繰り返すと、スクラムに取り組むことで、何もかもがスクラムチームのもとに明らかになっていき、(プロダクト開発にまつわる)悩みや苦しみを個人で抱えこむといったことはとても少なくなるわけです。
事実、まあまだ完全なスクラムをやっているわけではないにせよ(むしろ、にも関わらず)僕が個人的に管理しているタスクの数(private な Trello のボードにあるカードの数)は、これくらい変わりました。
- 始める前 : 100(±50)件程度
- 現在 : 30 件くらい
もちろん、タスクの粒度が大きくなったとか、単に管理しなくなったとかいうことではなく、消えたアイテムはすべてチームが知るところのタスク、具体的には壁やホワイトボードに貼られた付箋になっています。*2
この調子でいくと、たぶん個人用の Trello のボードは捨てることになるな、と思っています。
あるいは残すにしても、もっとシンプルな Todo リストのようなものになるか。
そして、100件→ 30 件になった現時点で、既に以下のような心境です。
『アジャイルな見積りと計画づくり』スタイルの開発を2ヶ月あまりやってきて、いよいよまともにスクラムに取り組もうかという昨今、あんなにギッチギチだった個人のタスクボード(自分にしか見えないprivateなTrelloのボード)がスッカスカになってきていて、実に清々しい。
— enk (@enk_enk) 2016年8月26日
清々しいんです。
清々しすぎて、いいのかしらという何か罪悪感みたいなものすら覚えます。
個人で何か抱えたときのストレスがヤバイ
とは言いながら、まだほんとのスクラムを始めていないので、ちょいちょい個人タスクみたいになっているものごとがあります。
そんな状況での一幕がこちら。
つらいんですよ。
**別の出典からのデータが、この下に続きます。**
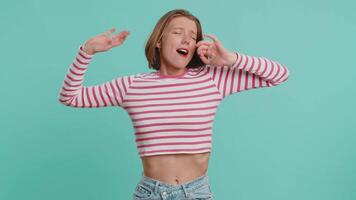 Tired exhausted young Caucasian woman yawning, sleepy inattentive feeling somnolent lazy bored gaping suffering from lack of sleep insomnia. Girl in crop top isolated on blue studio background indoors video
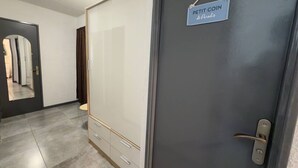 Ein Zimmer mit Schrank, einer Tür mit Schild und einem Spiegel.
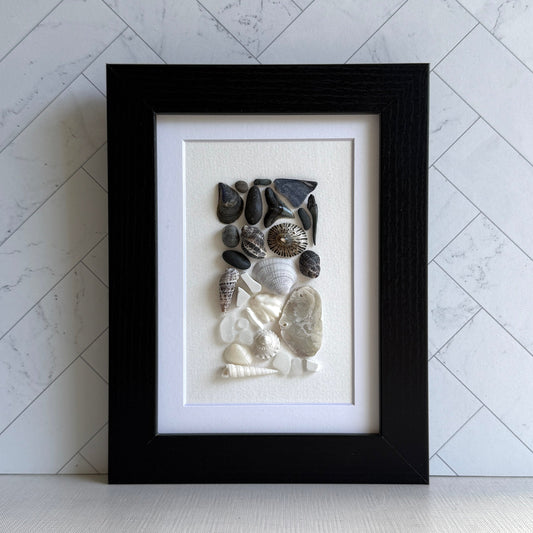 Framed artwork of pebbles, shells and sea glass on a white background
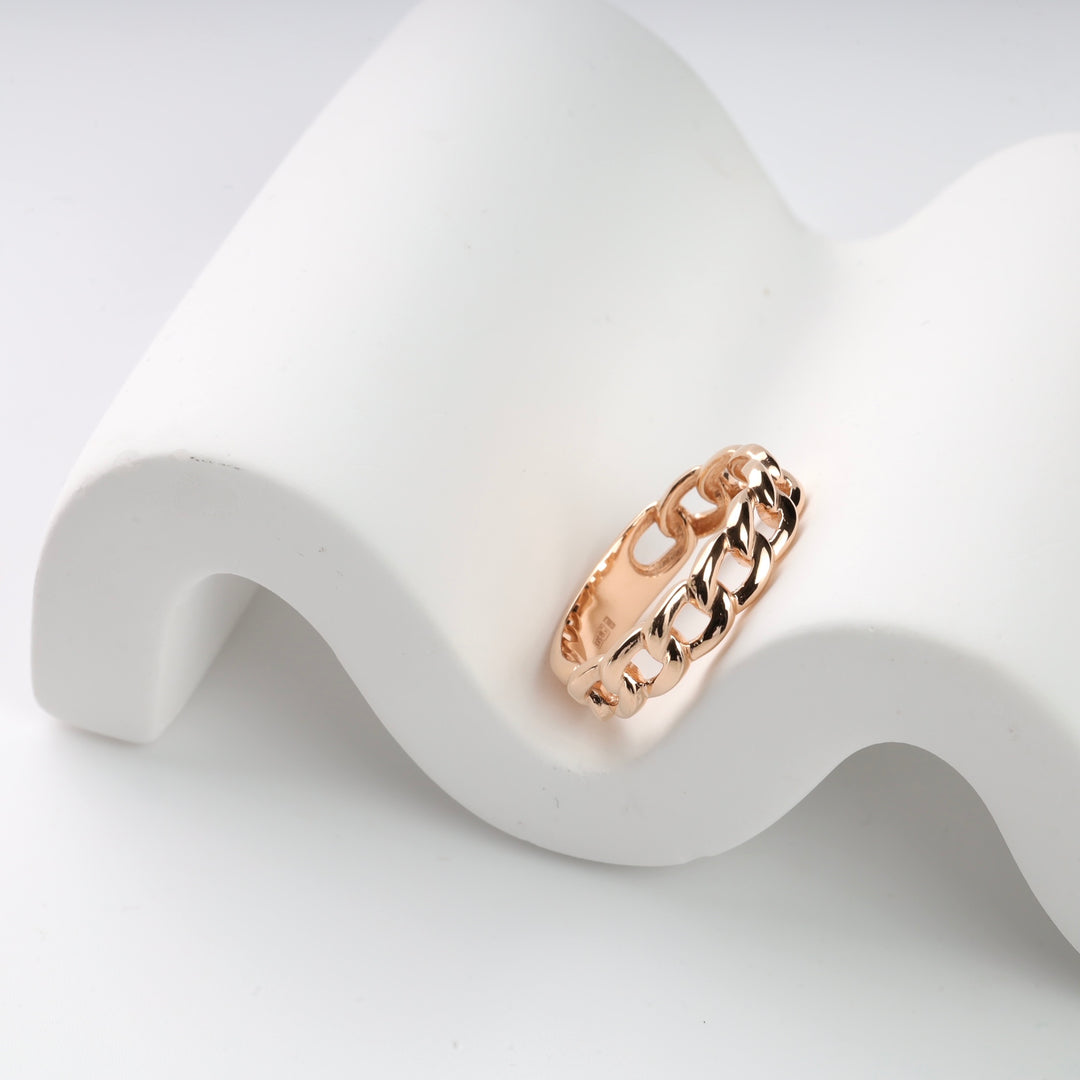Rose gold chain link ring on a white display.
前よりも。
一人で何かを抱えるようなことになると。仕様が明らかになっていない状態で作り始めるようなことをすると。
以前はできたんです。3 ヵ月かかる機能の開発を仕様策定から設計・開発・テストまで、見積りからスケジュール管理まで、全部一人でやってましたよ。もちろん、必要に応じて相談しながらですけど……。
当然のようにやってたんです。まあ、きっと効率はよくなかったのでしょうけど。
かたや見積り 2 時間のタスク。タイムスパンで言っても一日。でつらいとか。
軟弱になっています。明らかに(不明瞭さへの)ストレス耐性が下がっています。
スクラムをやっているチームで育った子はスクラムをやらないチームでやっていけないのでは
そんなわけで、「スクラムをやっているチームで育った子はスクラムをやらないチームでやっていけないのでは」という心配をするに至ります。
正直に言って、自分のことは心配していません。
スクラムじゃない状態も知っているし、まあいざ必要となれば辛く厳しい戦場に戻っていくこともたぶんできます。*3
そういうところへ行っても、辛抱強く働きかけて、徐々にスクラムにしていけば(あるいは、もっとすぐれた別のやり方があれば、それにしていけば)いい、と思います。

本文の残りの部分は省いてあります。